_Problem statement_.
With the pictures removed, reproduce exactly the lines from the one that contains "this 1024×576 image." through the last line of the entries below.

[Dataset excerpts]
········

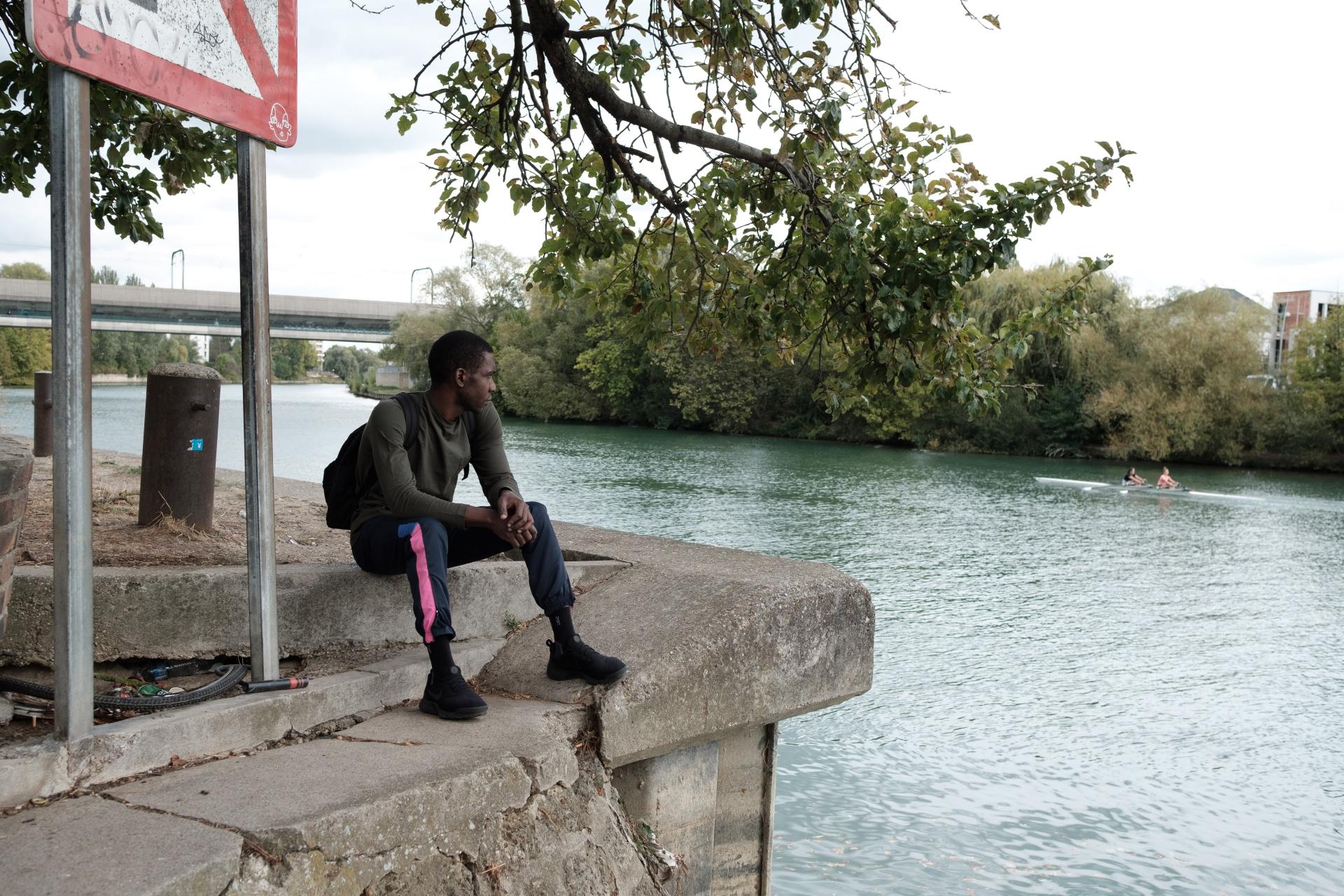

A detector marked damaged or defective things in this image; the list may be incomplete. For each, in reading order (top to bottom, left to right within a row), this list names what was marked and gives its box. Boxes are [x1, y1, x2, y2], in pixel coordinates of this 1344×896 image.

rusty metal bollard [31, 370, 53, 459]
rusty metal bollard [137, 365, 221, 531]
cracked concrete slab [0, 795, 240, 892]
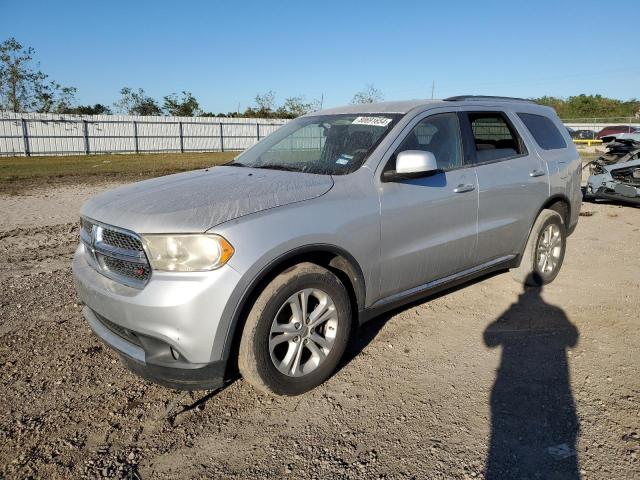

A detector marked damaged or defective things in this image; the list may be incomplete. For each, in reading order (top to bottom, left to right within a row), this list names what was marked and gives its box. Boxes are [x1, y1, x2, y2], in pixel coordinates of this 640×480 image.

wrecked car [584, 139, 640, 206]
damaged vehicle [588, 139, 640, 206]
damaged vehicle [72, 95, 584, 396]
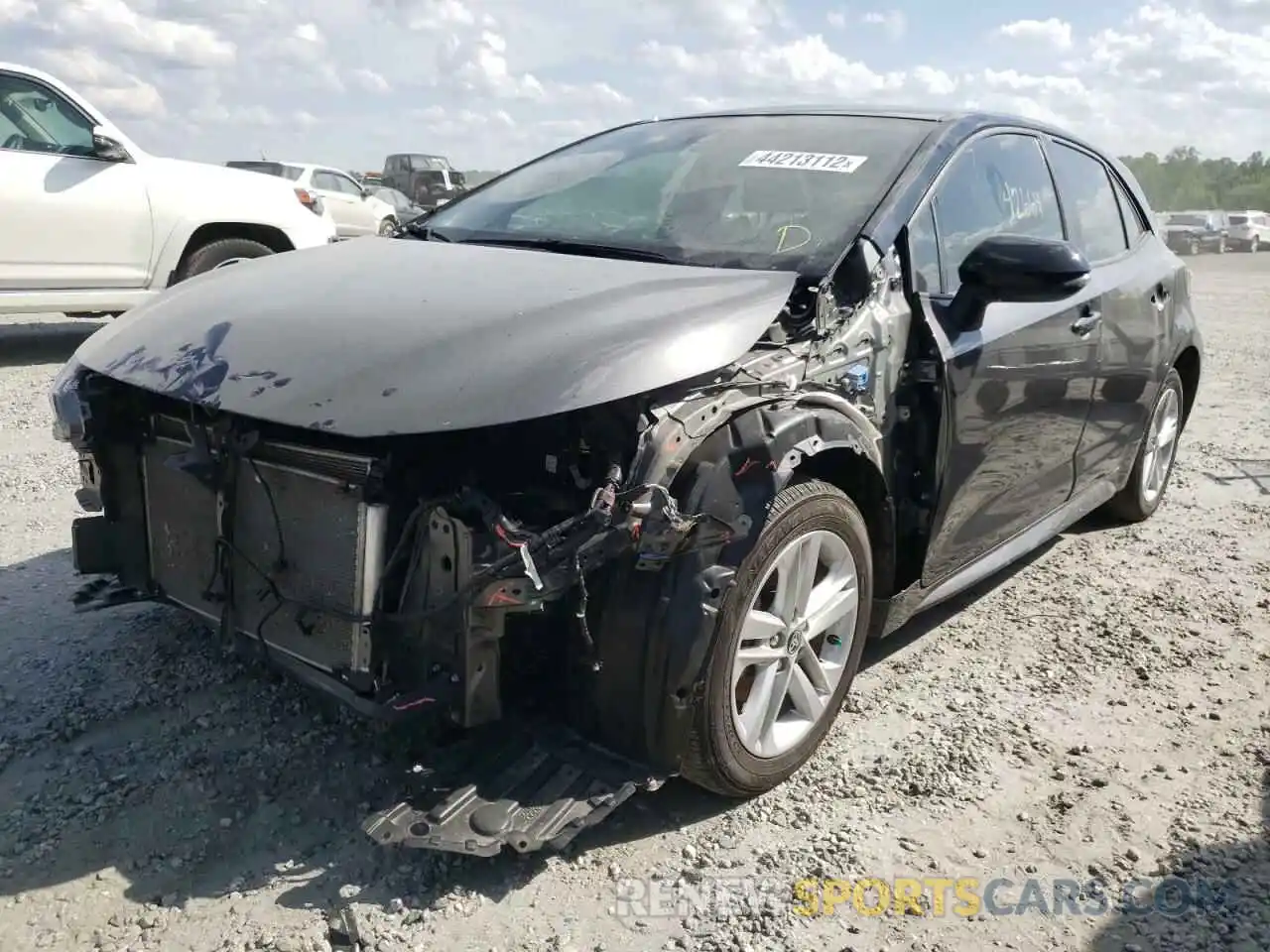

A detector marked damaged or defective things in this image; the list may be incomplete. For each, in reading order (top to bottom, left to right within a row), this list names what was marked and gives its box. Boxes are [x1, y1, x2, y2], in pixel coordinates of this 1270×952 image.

damaged front end [52, 370, 741, 858]
damaged gray toyota corolla hatchback [49, 107, 1199, 863]
crumpled fender [581, 396, 889, 776]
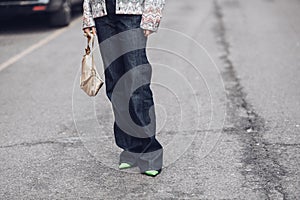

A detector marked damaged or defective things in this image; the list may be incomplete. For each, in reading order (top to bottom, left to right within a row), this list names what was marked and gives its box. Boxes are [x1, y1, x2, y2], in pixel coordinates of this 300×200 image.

crack in pavement [213, 0, 288, 199]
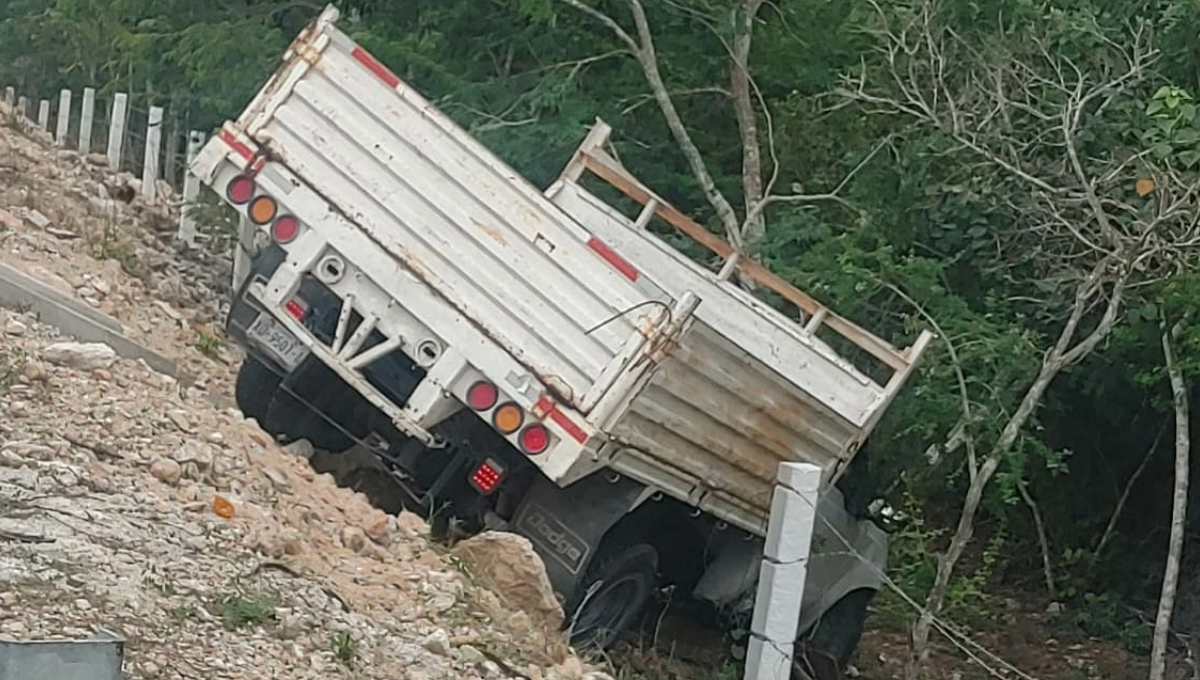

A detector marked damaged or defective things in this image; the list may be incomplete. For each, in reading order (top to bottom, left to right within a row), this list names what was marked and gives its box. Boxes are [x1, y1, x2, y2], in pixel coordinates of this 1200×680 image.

broken fence post [55, 89, 71, 146]
broken fence post [79, 87, 95, 155]
broken fence post [105, 93, 126, 170]
broken fence post [143, 105, 164, 202]
broken fence post [177, 129, 205, 246]
overturned white truck [192, 3, 932, 676]
broken fence post [744, 462, 820, 680]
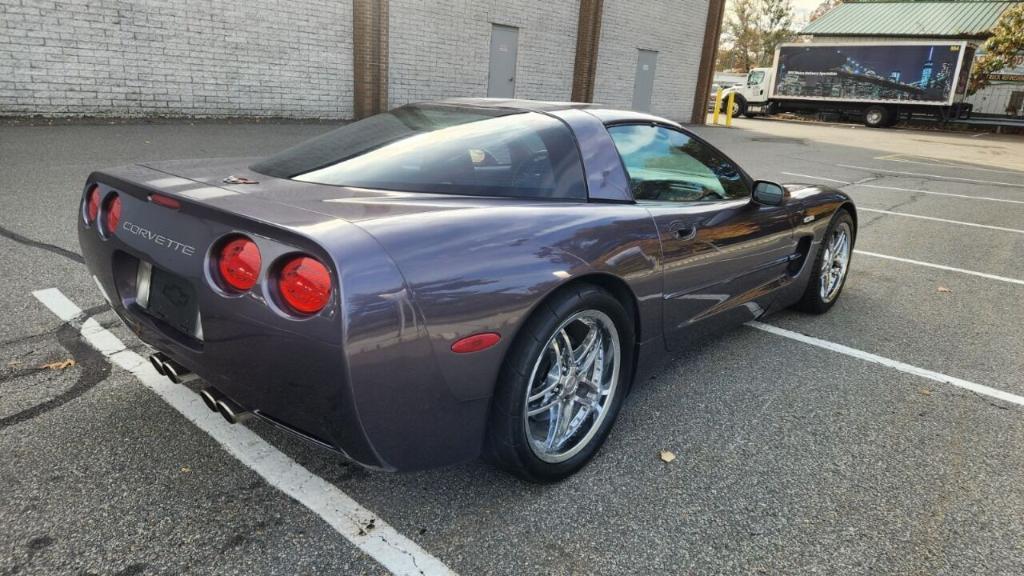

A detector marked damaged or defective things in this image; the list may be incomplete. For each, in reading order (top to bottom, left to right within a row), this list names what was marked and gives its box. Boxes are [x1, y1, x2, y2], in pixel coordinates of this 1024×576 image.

pavement crack [0, 224, 84, 264]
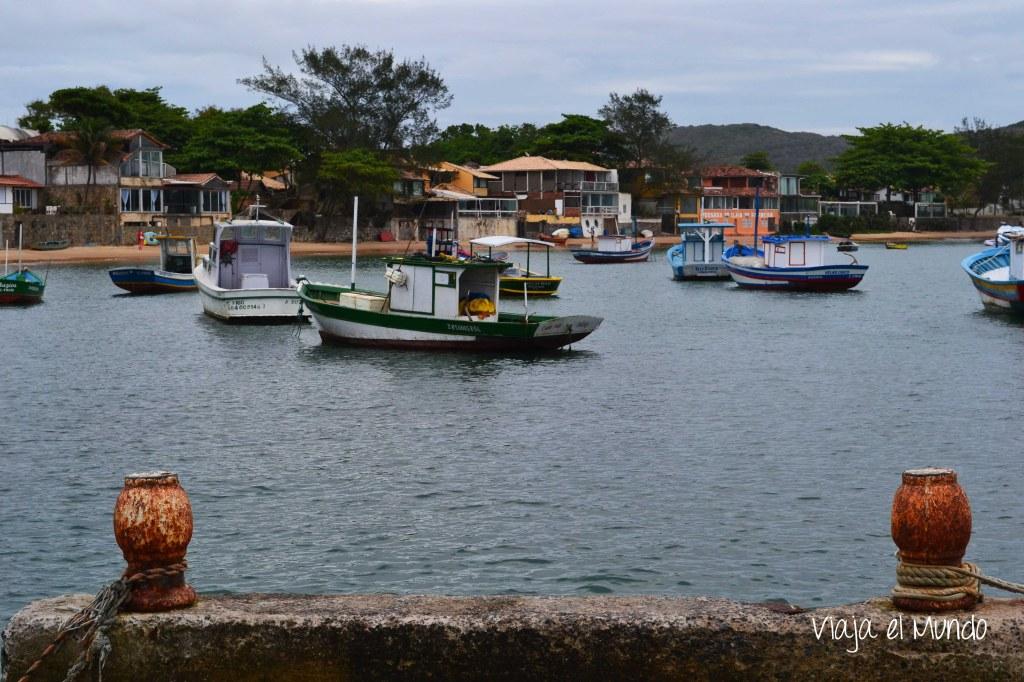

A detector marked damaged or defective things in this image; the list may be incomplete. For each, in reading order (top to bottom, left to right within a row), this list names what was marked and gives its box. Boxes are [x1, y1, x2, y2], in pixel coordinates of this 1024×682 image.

········

_Response for this exercise_.
A detector marked damaged or defective things in this image; the list may be incomplete. For each, in reading order (top to bottom, left to right within a row), this list names what was marked and gives its box. Boxes are [x1, y1, x2, y2], in pixel coordinates of this 1024×576 image.

pavement crack [0, 224, 84, 264]

A detector marked damaged or defective things in this image; the list may be incomplete. For each, in reading order (top to bottom, left to right within a row), this list names what was marked and gives its box. Boxes are [x1, y1, x2, y2], in pixel coordinates of this 1024×682 image.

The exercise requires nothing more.